Pour sa part, le mouvement abertzale connaît des connexions fortes entre ses dynamiques. Quelles que soient leurs trajectoires, les membres du mouvement abertzale partagent des outils, des dynamiques et des événements qui créent des expériences communes où les militant·e·s et les sujets qu’ils portent se croisent, infusent et maintiennent le tout dans un ensemble cohérent. L’édition particulièrement réussie de Lurrama de cette année, avec la mise en avant des femmes paysannes, en est le cas récent le plus emblématique.
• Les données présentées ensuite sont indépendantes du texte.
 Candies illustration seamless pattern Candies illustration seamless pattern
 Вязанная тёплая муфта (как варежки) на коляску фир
L’événement organisé en plein milieu urbain nécessite l’implication de centaines de bénévoles d’autres secteurs ! C’est aussi le cas du syndicalisme abertzale qui mène conjointement un travail de défense des salarié·e·s et une participation active aux actions de solidarité avec les migrant·e·s et à la dynamisation des mobilisations féministes – dont le lien avec la grève féministe générale du Pays Basque Sud ce 30 novembre.
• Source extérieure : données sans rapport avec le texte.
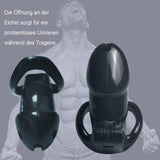 1 x RAW Customer Returns OnundOn Penis Cage Chastity Belt for Men Chastity 4 Cock Rings Black  - RRP €19.86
Le mouvement abertzale de gauche du Pays Basque Nord vit avec son temps et c’est une de ses grandes caractéristiques. Il a réussi à traverser les âges en incorporant les questions contemporaines.
Le mouvement abertzale de gauche du Pays Basque nord vit avec son temps et c’est une de ses grandes caractéristiques. Il a réussi à traverser les âges en incorporant les questions contemporaines.
L’union de la question sociale à la question nationale fut un grand moment d’inflexion. Le mouvement abertzale prend aujourd’hui une nouvelle tournure pour épouser également d’autres combats actuels qui traversent nos sociétés, dont le féminisme et l’écologie.
(1) Les résultats et interprétations du comité de pilotage sont disponibles sur le lien suivant : www.bagira.eus/eu/inkesta/emaitzak
(2) Une enquête similaire avait été lancée en 2011, mais elle ne comportait que très peu de questions sur les profils des répondant·e·s (sexe, âge, province, adhésion à une organisation).